Когда я был маленьким, то и дело я прочитывал эти слова на афишах — «Гедда Габлер». Кажется, ее играла Комис-саржевская.

Томас Манн тонко подмечает в одном рассказе [289], что во время деревенского бала дети продолжали отплясывать даже тогда, когда музыка уже не играла. Подробность в стиле русских писателей. До некоторых размышлений Томаса мне не дотянуть, но в красках и эпитетах я не слабее.

Умер Томас Манн. Их была мощная поросль, роща — с десяток дубов, один в один: Уэллс, Киплинг, Анатоль Франс, Бернард Шоу, Горький, Метерлинк, Гамсун, Манн.

Вот и он умер, последний из великих писателей.

Кто-то, когда я высказал эту мысль, возразил против внесения в список Метерлинка. Неправда, он тоже был вехой, открывателем, стоял на том же пути. «Жизнь пчел», «Разум цветов» — великие книги.

Томасу Манну принадлежит «Волшебная гора». Там есть такая краска. Некий мистик, работающий с медиумом, вызывает, по просьбе проживающих в санатории независимых, умных и богатых людей, дух одного из недавно умерших в санатории молодых людей.

Дух появляется не сразу. Долго не появляется, и вдруг начинает проступать в воздухе призрак молодого человека.

Кто-то, увидев, вскрикивает.

Тогда один из присутствующих говорит:

— Я уже давно его вижу.

Самое трудное, что дается только выдающимся писателям, это именно реакция действующих лиц на происшедшее страшное или необычайное событие.

В «Волшебной горе» есть еще много чудес. Хотя бы ее основной прием: он перенес лихорадящий мир, человечество, во всяком случае Европу, в санаторий чахоточных, в Давос, — т. е. сжал, обобщил, обострил все мысли и тревогу мира до предела небольшой группы людей, действительно обреченных на смерть.

Да, там чудеса. Молодой человек, например, влюбленный в женщину, случайно видит у доктора, который тоже влюблен в нее, рентгеновский снимок ее легких, — и это заставляет его особенно страстно почувствовать любовь к ней и ревновать к этому всемогущему сопернику, умеющему видеть ее легкие.

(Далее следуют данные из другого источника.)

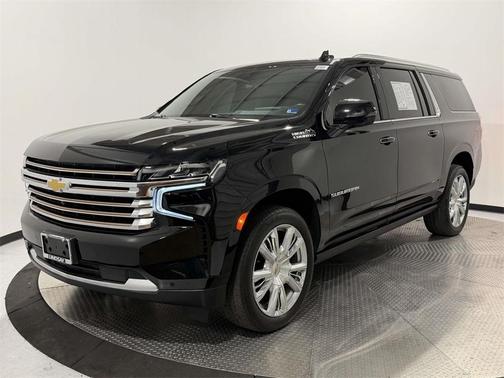 2023 Chevrolet Suburban High Country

Генрих Нейгауз, которого я встретил в «Национале» в обществе дамы и пьющим коньяк, — у него в петлицу была вдета золотая медаль с изображением Шиллера (из Германии, по поводу недавнего юбилея), — держал в руках томик Манна на немецком языке и сказал мне, что это новый, наиболее замечательный его роман, еще не переведенный на русский язык.

— Как называется?

289

Томас Манн тонко подмечает… — В новелле «Тонио Крёгер» (1903).